Patricia Vivian-Lall is a professional actress and singer with more than 40 years of experience on stages in Britain and Australia. She has written a quirky collection of nonsense rhymes inspired by the whimsical names of Australian towns and terrain she passed through on her many tours across the country.
Place names are the stars of this collection; Mudgegonga, Coonabarabran, Warrumbungles and Fairy-Hole Creek seem to echo the delight of the Australian landscape. Children will giggle simply on hearing them read out loud. The book stars a jolly assortment of Australian creatures, real and otherwise, from wombats to dragons.
Unfortunately, the rhymes and rhythms of this text can feel labored, and they don’t always make sense. The latter might sound like an odd quibble in a collection of nonsense poems, but the delight of the genre exists within the perfect logic of the made-up nonsense. Simply including random words or forcing rhymes isn’t the same thing. For example: “Tumbarumba! / Tumbarumba! / Won’t you come and / dance the rhumba/In a Dance-Hall/built with lumber/Thus encumber/Tumbarumba?”
In addition to odd capitalization and errors of punctuation (which are unacceptable in a book intended for emerging readers), the final sentence of the poem doesn’t make sense.
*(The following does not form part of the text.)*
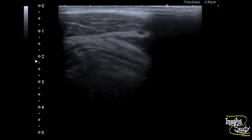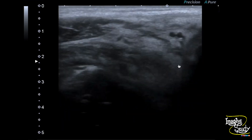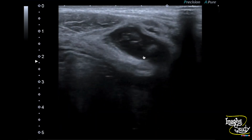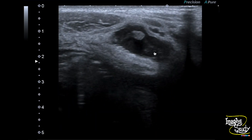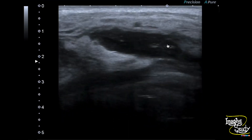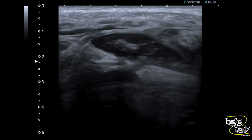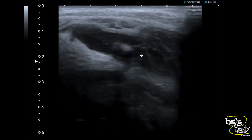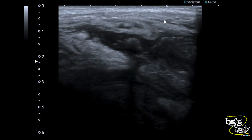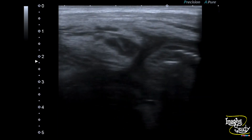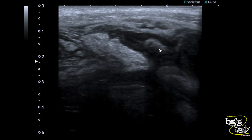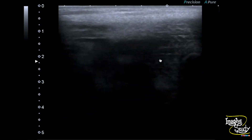Here you can see a blind-ended, distended, non-compressible tubular structure. It is of intestinal origin and it is connected to the adjacent cecum. You can see there is no gut signature at the wall. The surrounding fat appears hyperechoic and thickened, indicating fat stranding. There are at least two hyperechoic structures casting posterior acoustic shadows within the lumen, which are appendicoliths.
Brenda Nelson’s lush watercolors aren’t bold enough to add narrative texture to this collection. When illustrations don’t contribute visual puns or humor to a project such as this, an opportunity is missed to add depth and dimension.
Finally, who is Ozzie-Pozzie? There’s a backpackers’ hostel in Australia by that name (without the hyphen), but no connection is made. In sum, Ozzie-Pozzie’s Rhymes for Aussie Kids can be sweet and diverting, but its problems are many.